Actual distance yesterday, 111km. At the Wanaka Inn, we breakfast, torturing the ducks by not giving them anything. The sun rises over Lake Wanaka, reflecting the low clouds. It's an easy briefing, 250km through the Haast Pass. We head out, north-east through the Lake District, along Lake Hawea. Photo-op's abound. The road lifts up through a small pass, and we parallel Lake Wanaka. We pass through Makaroa, and are now away from the plains, and into dense vegetation.

We pull off the road, and go to see the Blue Pools. This is a nature hike (downhill all the way) through the moss-covered forest - the first forest I've been in, here. The pools are cold, glacial melt, and reflect the sky over a white rock bottom. Sandflys abound - the plaque at the top warned about that . We have to cross a "swing bridge" (foot suspension bridge - "! Limit 5 Persons"), and there is a lovely boardwalk, with little signs about the greenery we are seeing. The Blue Pools are just that - a blue I have never seen in water. Then we walk back up to the road (Hey! Now it's uphill all the way!). My new riding boots are warm and comfy for riding, but these boots aren't made for walking.

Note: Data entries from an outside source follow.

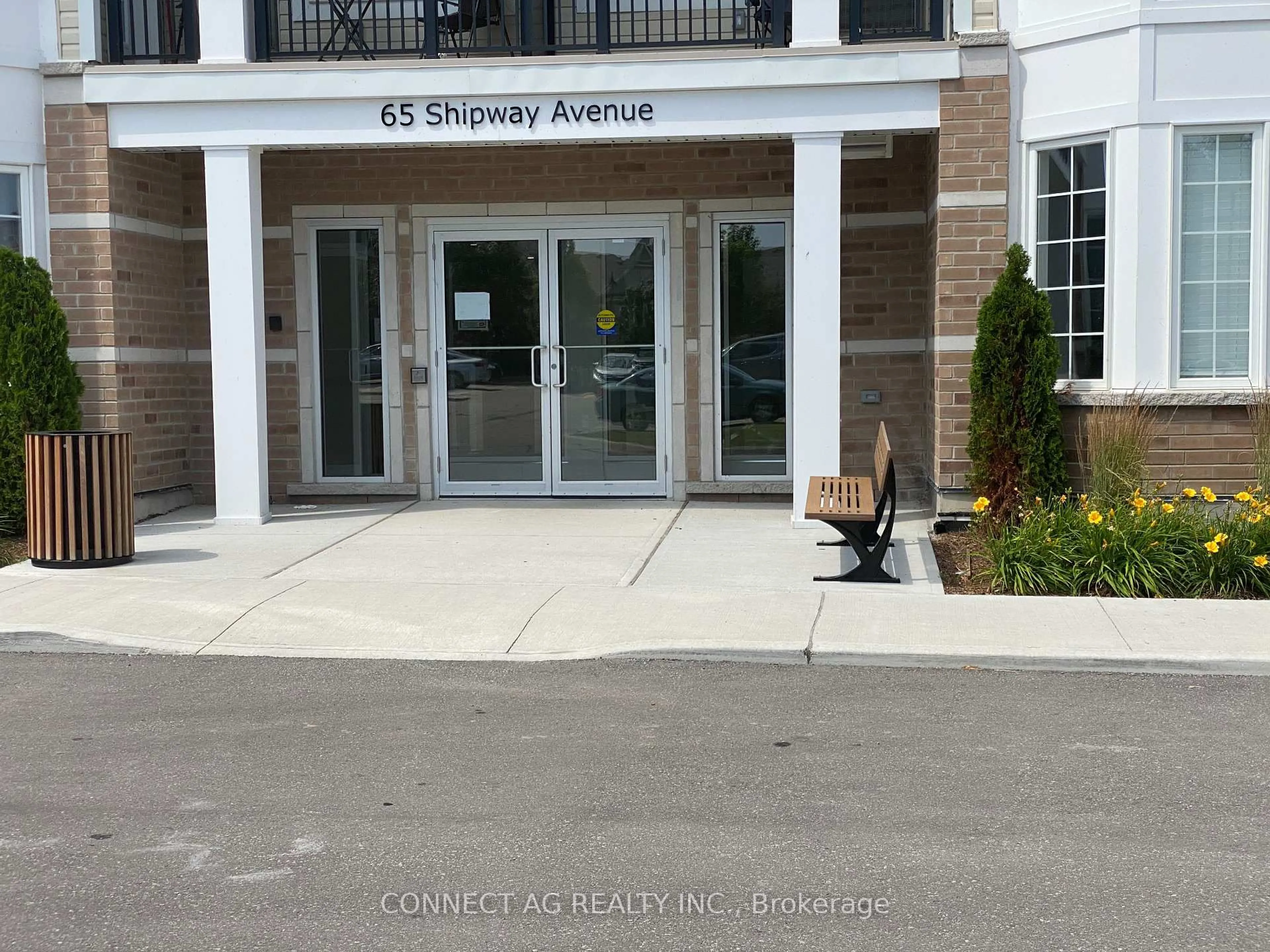 Indoor foyer for 65 Shipway Ave #111, Clarington Ontario L1B 0W2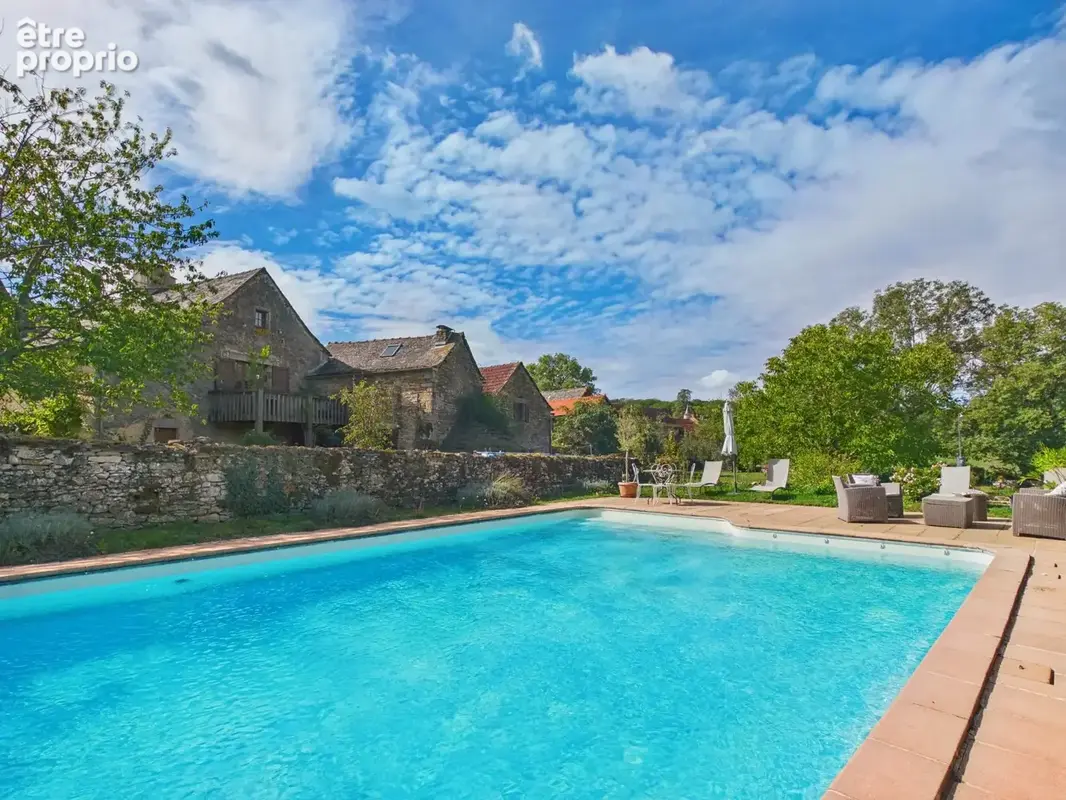 Propriété de caractère en pierre avec quatre habitations, piscine et dépendances - photo 19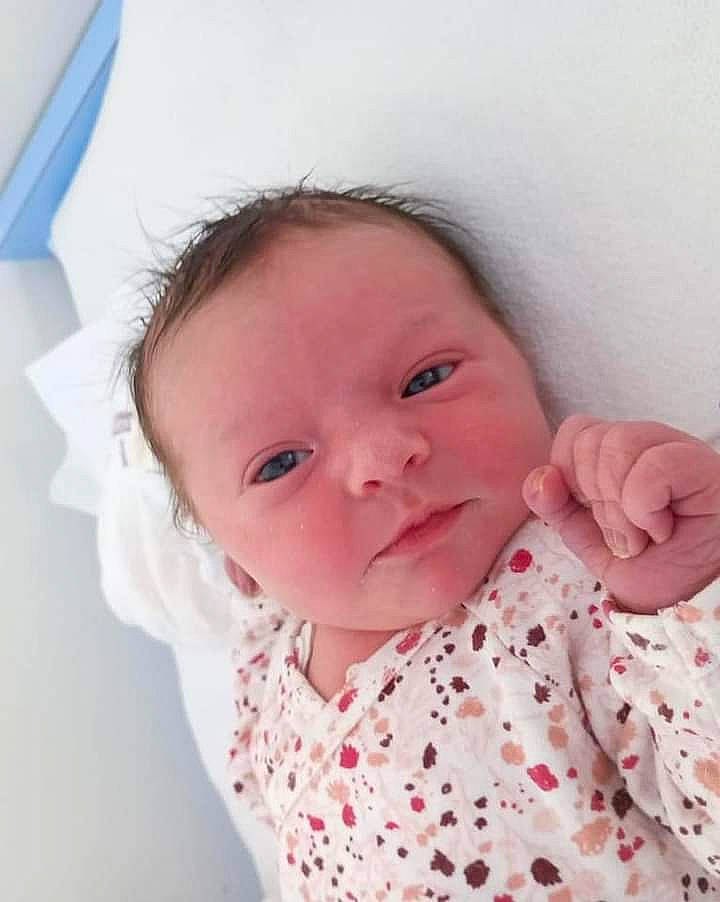 Elyana a rejoint le concours — aidez-le/la à gagner de superbes lots ! baby, baby_toddler_clothing, cheek, child, collar, comfort, eye, eyebrow, eyelash, happy, head, iris, linens, lip, mouth, nose, person, skin, sleeve, textile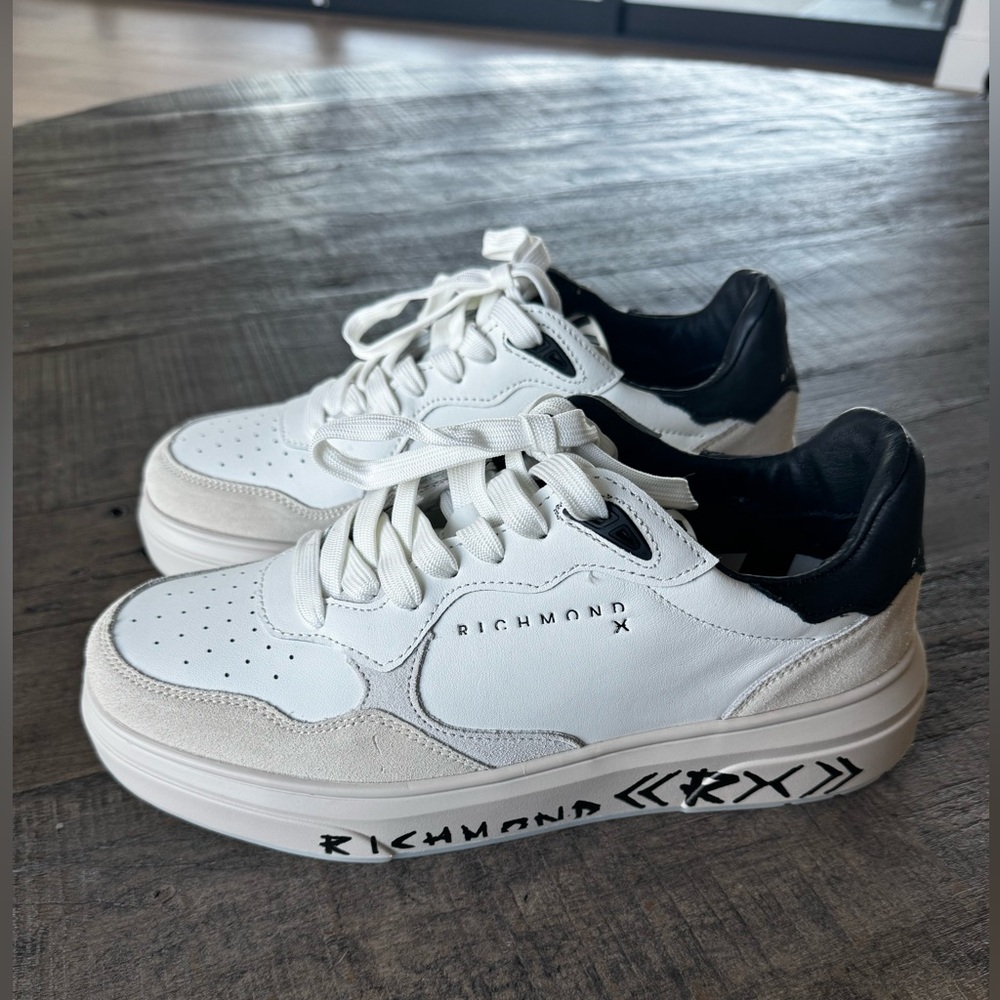 Brand New Richmond shoes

We go through Haast Pass, and descend 800 meters in the next 5 k. This is an excellent brake test. Remember I said the vegetation had turned lush and green? Well, it's now like the forest scenes from "Magnum, P.I." - a curtain of vibrant green that throbs with life. I see a "Road Narrows" sign ahead - "How?" I think. The plant life now comes down to the white line - there is no shoulder.

We have lunch in Haast Beach, on the shores of the Tasman Sea. We gas up at the last station for 120k, and head north-east, towards Fox Glacier. We are proceeding along, green on our right, white beach and surf on the left, and the glorious blue sky above. At a rest stop above an (almost) deserted beach, Holger strips off and dives into the Tasman. He says it was mostly cold, with strong waves.

The next stop is the base of the Fox Glacier itself. Someone told me it was an "easy hike" to the base. Yeah. I think perhaps it would be easier if I did more walking and less sitting in my normal day. And there's the boots. I manage to get up close enough to see the base - and decide that that is close enough for today. You know, for all that talk about "clear, pure, glacier water", it's a rocky and dusty muck. We see no Keas in the parking lot, either - I am kind of disappointed. Keas are an endangered species of parrot native to NZ - we have received many warnings that they will try to eat motorcycle seats. No wonder they're endangered. I wanted to at least see them try to eat someone else's seat.

From there, we proceed to the "Fox Glacier Resort" - the best hotel in town, because there's no competition. It's sort of 1 star compared to Queenstown, but it's O.K. We are scheduled to take a helicopter ride to the top of the glacier at 6:00, so I change and go to the helicopter place. Bad weather (fog) comes in on top of the mountain, so we agree to check again at 6:30. We go, en masse, across the street to the Neve Cafe, and have coffee or fruit juice, and wait. I get some film at the general store - I only have 4 rolls left. But I came with 20 rolls, and I arrived only 8 days ago? This country is too darned photogenic. At 6:30, the news comes that the weather has cleared - we can go. Renee, Jurgen, Ulrich, Silke and I jump into the chopper and take off. It's very smooth. We fly up the glacier, and land on the snowfield at the top. You can see the crevasses and falls caused by the movement of the ice. We fly back, and have dinner.

On the drive down from Haast Pass, I was struck but the thought that I will never be free of New Zealand.  It is a place that I find attractive on so many levels, I will always hear it's siren call. My family tree has Irish, Scottish and Welsh in it - all of these peoples originated in the mountains. So there are mountains in my blood, but not in my life.

I mean to do this update, but David and Christian and I spend the night talking. One of our topics: what can we do to get jobs here. We also chat about the changing face of technology, and what we can do with it. The only Internet connection in town is a $2.00/9 minutes AOL connection. John, Alfred, Ulrich and Holger come back into the lounge from the bar, and we spend 15 minutes looking at my web site. They seem to like it, so it's off to my little bed.